Sport watches, whatever their pedigree, are best worn on the golf course, at the racing circuit, or anywhere you’re liable to get wet. They’re too chunky, too over-the-top to peer out from under the cuff of a snow-white, hand-tailored shirt. Even expensive, complicated, highly-esteemed horological classics – any of the Rolex Oysters, Audemars Piguet’s Royal Oak, the Patek Philippe Nautilus – were designed with a specific purpose in mind … and wearing such pieces while enjoying cocktails and caviar before the opera isn’t one of them.
While few watch retailers or manufacturers have the guts to tell you that their chunky, 18k gold-on-a-bracelet diving watch isn’t suitable with dress attire, there are subtle ways in which they can address the problem. Rolex, for example, has always had its Cellini line of dress watches. It was their way of saying, ‘Don’t wear your Submariner to a black-tie event’ without disrespecting their own wares.
In 2005, though, they relaunched a sublime rectangular model called the Prince, with a brand-new mechanical movement, available in four styles with the designs rooted in the Art Deco period. Along with the other truly iconic rectangular or square timepieces – Cartier’s sublime Tank and the clever Jaeger-LeCoultre Reverso – the new Prince is a perfect choice for the evening.
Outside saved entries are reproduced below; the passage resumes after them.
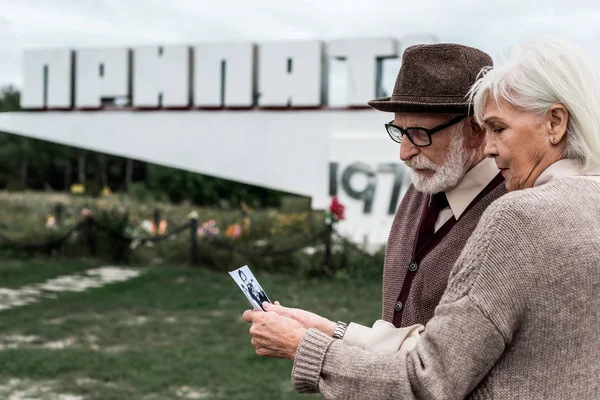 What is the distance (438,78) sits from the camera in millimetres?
1969

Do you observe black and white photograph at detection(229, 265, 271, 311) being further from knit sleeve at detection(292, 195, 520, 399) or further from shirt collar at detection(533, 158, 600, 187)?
shirt collar at detection(533, 158, 600, 187)

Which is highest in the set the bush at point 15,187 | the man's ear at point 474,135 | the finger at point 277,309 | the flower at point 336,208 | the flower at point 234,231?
the man's ear at point 474,135

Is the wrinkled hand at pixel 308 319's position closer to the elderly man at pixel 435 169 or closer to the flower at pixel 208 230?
the elderly man at pixel 435 169

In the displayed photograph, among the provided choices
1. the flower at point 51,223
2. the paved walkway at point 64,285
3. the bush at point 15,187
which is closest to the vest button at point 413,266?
the paved walkway at point 64,285

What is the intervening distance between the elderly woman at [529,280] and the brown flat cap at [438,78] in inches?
16.1

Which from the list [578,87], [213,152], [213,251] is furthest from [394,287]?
[213,152]

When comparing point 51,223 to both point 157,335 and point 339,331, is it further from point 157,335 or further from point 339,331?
point 339,331

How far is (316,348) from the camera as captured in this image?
1.56 metres

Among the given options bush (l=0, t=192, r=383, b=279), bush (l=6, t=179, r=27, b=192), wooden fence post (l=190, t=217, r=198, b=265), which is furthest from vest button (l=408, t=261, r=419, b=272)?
bush (l=6, t=179, r=27, b=192)

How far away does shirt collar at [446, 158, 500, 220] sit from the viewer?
6.37 feet

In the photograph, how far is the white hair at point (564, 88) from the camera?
1.43 metres

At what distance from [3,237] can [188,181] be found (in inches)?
597

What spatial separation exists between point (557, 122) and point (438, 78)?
0.56 metres

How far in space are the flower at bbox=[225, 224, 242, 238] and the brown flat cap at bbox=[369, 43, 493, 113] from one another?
9.74 metres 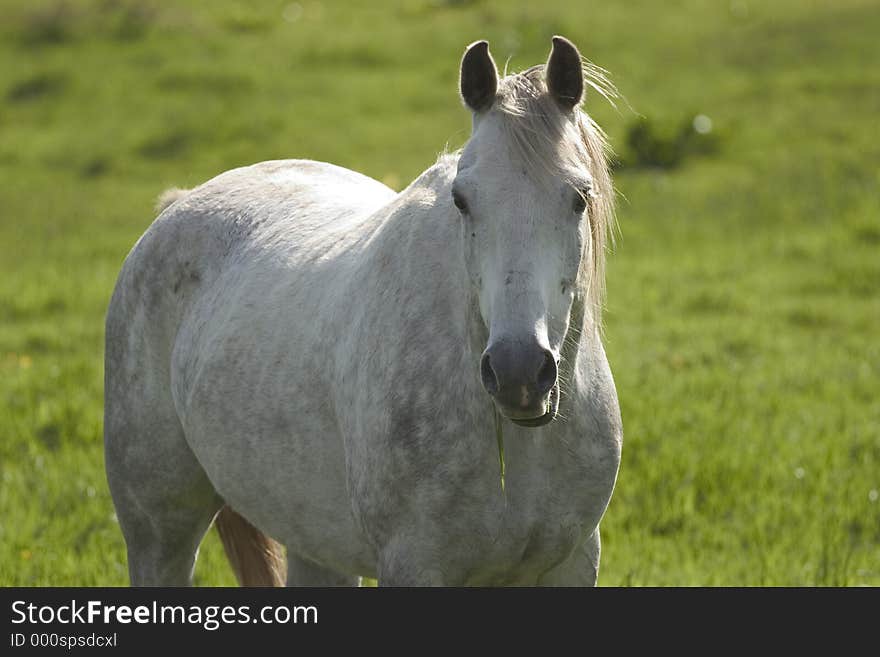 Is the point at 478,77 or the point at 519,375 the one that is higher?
the point at 478,77

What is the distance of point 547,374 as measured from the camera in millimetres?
2570

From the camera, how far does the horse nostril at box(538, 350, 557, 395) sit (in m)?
2.55

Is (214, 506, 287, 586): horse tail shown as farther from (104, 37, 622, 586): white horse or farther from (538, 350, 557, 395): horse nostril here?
(538, 350, 557, 395): horse nostril

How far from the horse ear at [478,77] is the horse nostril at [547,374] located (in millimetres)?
726

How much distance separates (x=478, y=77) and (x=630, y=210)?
9.03 meters

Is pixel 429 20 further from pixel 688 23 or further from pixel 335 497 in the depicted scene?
pixel 335 497

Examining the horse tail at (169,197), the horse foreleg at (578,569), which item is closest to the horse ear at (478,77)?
the horse foreleg at (578,569)

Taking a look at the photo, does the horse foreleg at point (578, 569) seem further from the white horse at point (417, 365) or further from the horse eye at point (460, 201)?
the horse eye at point (460, 201)

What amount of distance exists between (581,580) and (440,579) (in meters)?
0.50

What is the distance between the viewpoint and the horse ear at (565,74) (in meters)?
2.84

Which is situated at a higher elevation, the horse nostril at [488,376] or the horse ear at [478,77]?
the horse ear at [478,77]

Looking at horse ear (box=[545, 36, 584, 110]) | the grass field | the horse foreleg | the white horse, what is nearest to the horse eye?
the white horse

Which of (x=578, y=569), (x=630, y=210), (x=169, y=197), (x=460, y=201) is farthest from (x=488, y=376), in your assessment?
(x=630, y=210)

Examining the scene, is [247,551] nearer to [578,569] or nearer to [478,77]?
[578,569] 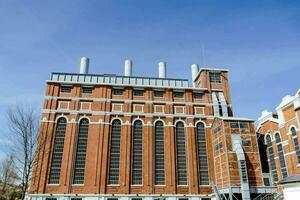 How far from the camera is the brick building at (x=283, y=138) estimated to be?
24.2 m

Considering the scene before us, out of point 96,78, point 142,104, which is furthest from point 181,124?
point 96,78

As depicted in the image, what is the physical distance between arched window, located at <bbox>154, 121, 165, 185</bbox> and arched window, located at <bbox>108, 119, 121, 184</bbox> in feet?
15.3

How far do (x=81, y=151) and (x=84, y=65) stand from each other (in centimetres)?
1401

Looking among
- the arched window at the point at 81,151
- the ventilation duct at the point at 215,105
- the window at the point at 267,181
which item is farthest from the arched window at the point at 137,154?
the window at the point at 267,181

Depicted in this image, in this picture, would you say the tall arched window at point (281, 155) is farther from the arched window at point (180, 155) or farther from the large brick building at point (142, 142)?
the arched window at point (180, 155)

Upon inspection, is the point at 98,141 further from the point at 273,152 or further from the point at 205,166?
the point at 273,152

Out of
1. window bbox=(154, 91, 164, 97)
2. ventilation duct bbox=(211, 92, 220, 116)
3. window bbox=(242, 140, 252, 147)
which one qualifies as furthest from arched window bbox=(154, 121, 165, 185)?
window bbox=(242, 140, 252, 147)

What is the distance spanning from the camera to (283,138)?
1029 inches

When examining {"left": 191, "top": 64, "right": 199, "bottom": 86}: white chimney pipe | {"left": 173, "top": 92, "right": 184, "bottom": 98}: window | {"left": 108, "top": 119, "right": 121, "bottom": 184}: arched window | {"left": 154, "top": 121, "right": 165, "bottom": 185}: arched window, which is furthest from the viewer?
{"left": 191, "top": 64, "right": 199, "bottom": 86}: white chimney pipe

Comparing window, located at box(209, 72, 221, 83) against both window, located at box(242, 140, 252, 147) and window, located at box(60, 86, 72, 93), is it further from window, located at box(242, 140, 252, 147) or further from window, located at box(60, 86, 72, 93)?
window, located at box(60, 86, 72, 93)

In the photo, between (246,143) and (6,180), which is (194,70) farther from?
(6,180)

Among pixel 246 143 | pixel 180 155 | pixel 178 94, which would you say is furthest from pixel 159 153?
pixel 246 143

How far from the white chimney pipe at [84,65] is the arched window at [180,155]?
637 inches

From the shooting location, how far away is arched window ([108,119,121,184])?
29589 mm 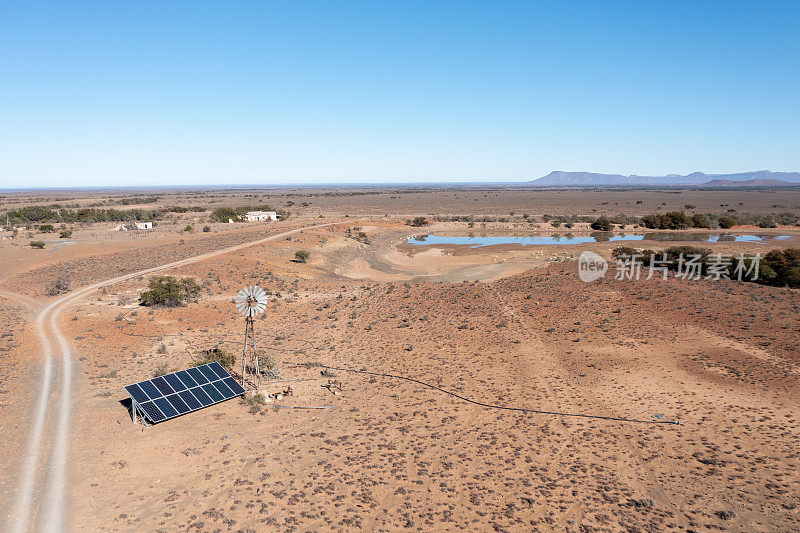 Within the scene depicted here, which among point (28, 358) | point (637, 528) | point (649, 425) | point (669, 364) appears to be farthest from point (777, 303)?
point (28, 358)

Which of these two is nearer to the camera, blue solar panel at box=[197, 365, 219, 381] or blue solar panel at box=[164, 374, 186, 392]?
blue solar panel at box=[164, 374, 186, 392]

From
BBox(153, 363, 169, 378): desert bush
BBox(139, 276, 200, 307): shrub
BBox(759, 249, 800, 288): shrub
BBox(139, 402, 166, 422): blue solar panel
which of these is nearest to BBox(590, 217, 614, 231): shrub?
BBox(759, 249, 800, 288): shrub

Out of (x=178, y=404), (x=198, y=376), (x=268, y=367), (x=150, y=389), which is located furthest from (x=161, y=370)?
(x=268, y=367)

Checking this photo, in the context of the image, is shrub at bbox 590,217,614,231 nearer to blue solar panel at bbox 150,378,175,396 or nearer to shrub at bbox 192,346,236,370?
shrub at bbox 192,346,236,370

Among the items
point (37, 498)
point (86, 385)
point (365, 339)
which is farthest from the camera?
point (365, 339)

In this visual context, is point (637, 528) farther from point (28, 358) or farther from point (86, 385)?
point (28, 358)

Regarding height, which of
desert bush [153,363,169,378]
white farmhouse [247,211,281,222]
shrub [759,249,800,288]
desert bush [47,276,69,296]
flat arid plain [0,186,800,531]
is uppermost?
white farmhouse [247,211,281,222]
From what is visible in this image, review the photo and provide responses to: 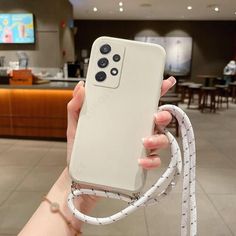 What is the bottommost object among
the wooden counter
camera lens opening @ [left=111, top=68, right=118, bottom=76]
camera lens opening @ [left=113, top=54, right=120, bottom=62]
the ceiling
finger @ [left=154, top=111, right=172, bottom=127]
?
the wooden counter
Another danger area is the size and gem count. A glance at the society pages of any lifestyle magazine will show the schism: on one side, wearing timepieces the size of a scone and that require viewing through sunglasses, are the footballers, rappers, chavs, the Beckhams and Z-list ‘celebrities’ who possess what can only be described as anti-taste. On the other side, the grown-ups. While taste is wholly subjective, you have to ask yourself, with whom do I identify? Sean Connery or Sean Coombs?
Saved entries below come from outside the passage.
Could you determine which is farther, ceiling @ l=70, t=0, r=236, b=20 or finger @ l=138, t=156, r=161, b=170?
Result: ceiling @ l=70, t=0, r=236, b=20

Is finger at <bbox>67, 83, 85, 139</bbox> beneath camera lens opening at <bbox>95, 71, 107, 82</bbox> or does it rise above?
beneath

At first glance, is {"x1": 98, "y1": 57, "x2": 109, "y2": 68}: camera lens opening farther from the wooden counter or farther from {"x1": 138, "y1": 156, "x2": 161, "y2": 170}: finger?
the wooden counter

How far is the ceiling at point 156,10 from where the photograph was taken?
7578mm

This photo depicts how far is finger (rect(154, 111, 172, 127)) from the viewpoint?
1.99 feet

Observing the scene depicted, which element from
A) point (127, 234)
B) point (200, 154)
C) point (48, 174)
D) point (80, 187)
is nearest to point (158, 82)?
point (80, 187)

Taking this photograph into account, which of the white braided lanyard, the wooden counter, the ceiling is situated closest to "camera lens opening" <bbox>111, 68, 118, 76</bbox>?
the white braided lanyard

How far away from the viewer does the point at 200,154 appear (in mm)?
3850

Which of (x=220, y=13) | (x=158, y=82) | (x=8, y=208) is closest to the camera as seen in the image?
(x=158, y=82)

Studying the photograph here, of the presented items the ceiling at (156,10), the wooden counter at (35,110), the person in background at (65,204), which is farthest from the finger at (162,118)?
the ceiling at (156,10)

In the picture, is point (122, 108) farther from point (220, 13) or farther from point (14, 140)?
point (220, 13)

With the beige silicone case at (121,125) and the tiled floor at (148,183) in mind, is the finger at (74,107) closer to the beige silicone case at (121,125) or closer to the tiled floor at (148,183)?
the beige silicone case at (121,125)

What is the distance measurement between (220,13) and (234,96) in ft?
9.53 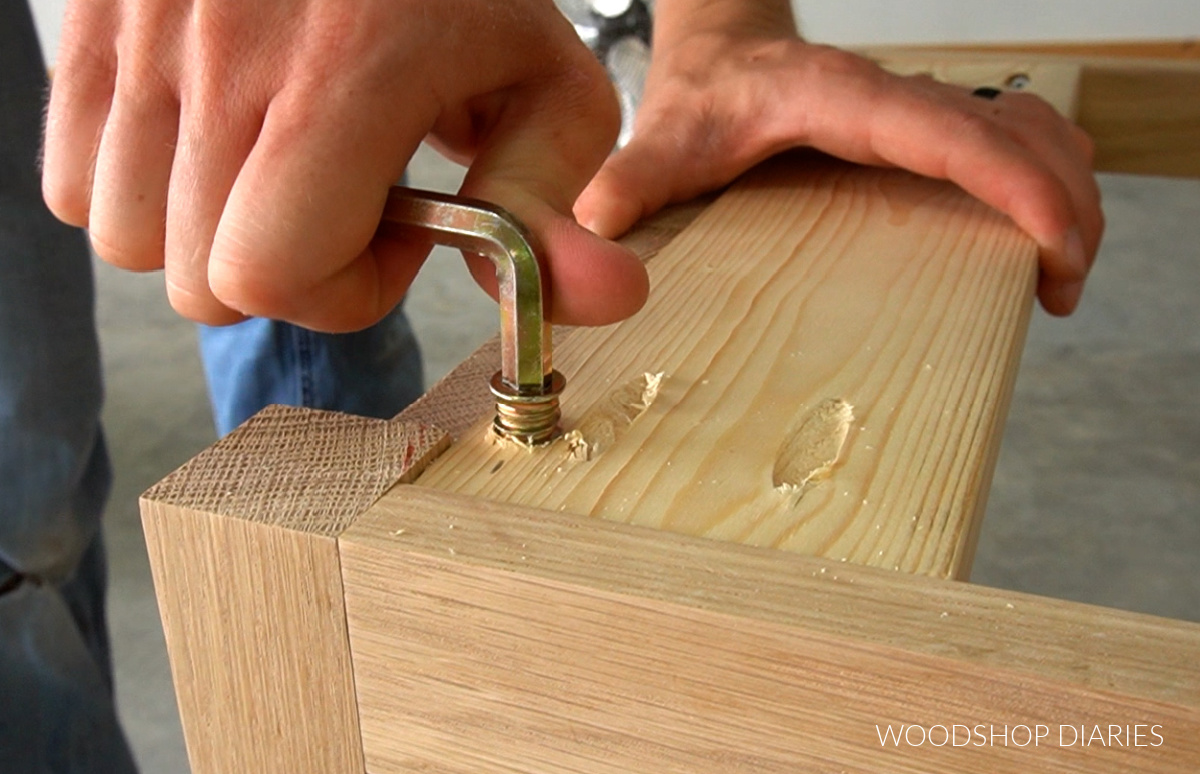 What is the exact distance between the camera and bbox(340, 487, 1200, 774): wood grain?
1.13ft

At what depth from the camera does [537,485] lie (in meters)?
0.47

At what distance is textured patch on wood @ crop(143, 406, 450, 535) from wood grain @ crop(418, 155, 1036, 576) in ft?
0.08

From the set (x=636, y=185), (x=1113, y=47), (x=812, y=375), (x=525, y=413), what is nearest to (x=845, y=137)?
(x=636, y=185)

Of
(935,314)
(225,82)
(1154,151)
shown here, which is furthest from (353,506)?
(1154,151)

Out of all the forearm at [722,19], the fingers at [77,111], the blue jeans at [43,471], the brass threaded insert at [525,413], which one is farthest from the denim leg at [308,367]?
the brass threaded insert at [525,413]

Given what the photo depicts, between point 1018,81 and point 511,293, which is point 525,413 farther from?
point 1018,81

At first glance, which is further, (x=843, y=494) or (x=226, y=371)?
(x=226, y=371)

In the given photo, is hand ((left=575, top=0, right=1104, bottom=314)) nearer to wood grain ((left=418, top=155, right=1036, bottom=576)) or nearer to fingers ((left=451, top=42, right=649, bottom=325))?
wood grain ((left=418, top=155, right=1036, bottom=576))

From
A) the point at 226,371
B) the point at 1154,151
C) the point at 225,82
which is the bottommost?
the point at 226,371

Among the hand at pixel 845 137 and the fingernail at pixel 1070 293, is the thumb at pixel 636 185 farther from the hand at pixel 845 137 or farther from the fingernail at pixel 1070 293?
the fingernail at pixel 1070 293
If the former was your choice, you’ll be relieved to know that you are just as well-served as the bling worshippers, despite the current dominance of gem encrustation. Although every brand now offers diamond- and sapphire-clad atrocities to sell in Cannes, Beverly Hills and Miami – the watch companies are, after all, in business to make a profit – the same brands also continue, discreetly and honourably, to serve customers with timeless tastes.
For those who prefer the blue chip approach, you can rarely go wrong with any slim dress watch on a black strap from the Big Four of classic horology: Audemars Piguet, Jaeger-LeCoultre, Patek Philippe and Vacheron Constantin. From the traditional jewellery brands, it’s impossible to fault Cartier, Chopard, Tiffany and Van Cleef & Arpels. Among the great revived brands, Blancpain, Breguet and A. Lange & Söhne provide the challenge to the Big Four. Of the new haute horlogeres, De Bethune, Parmigiani Fleurier and Philippe Dufour have the lock on taste. Other great brands with sophisticated dress watches include Breitiling, with their latest offering in the Bentley range, Girard-Perregaux, IWC and Zenith.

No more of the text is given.